(Recorded data)

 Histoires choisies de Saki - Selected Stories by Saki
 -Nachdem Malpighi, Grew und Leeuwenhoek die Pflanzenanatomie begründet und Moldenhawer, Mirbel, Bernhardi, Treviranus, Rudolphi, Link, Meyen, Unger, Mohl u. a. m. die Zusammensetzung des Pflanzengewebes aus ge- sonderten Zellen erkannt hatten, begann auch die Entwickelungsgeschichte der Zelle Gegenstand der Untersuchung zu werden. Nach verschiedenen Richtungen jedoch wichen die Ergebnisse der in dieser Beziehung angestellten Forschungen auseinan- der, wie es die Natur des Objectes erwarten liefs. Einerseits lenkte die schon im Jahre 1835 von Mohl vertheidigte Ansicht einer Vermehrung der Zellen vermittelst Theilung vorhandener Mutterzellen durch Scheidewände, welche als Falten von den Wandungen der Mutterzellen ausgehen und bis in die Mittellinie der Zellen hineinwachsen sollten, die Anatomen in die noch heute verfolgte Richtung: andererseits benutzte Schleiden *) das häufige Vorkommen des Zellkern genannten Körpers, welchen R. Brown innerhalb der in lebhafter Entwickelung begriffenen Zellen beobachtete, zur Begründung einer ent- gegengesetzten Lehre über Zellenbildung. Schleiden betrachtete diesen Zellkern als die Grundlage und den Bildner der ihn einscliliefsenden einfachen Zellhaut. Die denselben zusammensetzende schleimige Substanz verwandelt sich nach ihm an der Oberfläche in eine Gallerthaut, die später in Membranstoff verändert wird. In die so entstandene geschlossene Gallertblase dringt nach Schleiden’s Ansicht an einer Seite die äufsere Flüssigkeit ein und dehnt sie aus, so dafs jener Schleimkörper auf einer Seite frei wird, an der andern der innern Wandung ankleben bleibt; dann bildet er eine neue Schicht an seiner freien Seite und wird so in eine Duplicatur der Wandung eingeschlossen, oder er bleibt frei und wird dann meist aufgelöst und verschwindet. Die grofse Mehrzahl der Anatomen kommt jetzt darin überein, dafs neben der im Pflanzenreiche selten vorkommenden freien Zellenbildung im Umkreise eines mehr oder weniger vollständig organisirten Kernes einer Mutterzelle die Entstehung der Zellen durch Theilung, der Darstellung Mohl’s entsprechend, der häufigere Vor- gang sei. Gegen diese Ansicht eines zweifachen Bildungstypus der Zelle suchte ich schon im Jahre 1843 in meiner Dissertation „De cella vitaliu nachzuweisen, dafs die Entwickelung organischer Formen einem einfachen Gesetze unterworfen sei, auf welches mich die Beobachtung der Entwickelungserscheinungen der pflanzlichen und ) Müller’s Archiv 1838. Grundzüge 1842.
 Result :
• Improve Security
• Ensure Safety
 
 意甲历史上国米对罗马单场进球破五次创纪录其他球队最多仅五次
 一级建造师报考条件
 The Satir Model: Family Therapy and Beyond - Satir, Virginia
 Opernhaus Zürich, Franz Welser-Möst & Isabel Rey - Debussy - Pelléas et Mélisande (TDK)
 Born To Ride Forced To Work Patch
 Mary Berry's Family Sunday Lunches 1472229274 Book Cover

→ TASK OBJECTIVE:
Please output the line that contains "Opernhaus Zürich, Franz" and every line after it in the entries above, exactly, and nothing more.

→ EXERCISE OUTPUT:
 Opernhaus Zürich, Franz Welser-Möst & Isabel Rey - Debussy - Pelléas et Mélisande (TDK)
 Born To Ride Forced To Work Patch
 Mary Berry's Family Sunday Lunches 1472229274 Book Cover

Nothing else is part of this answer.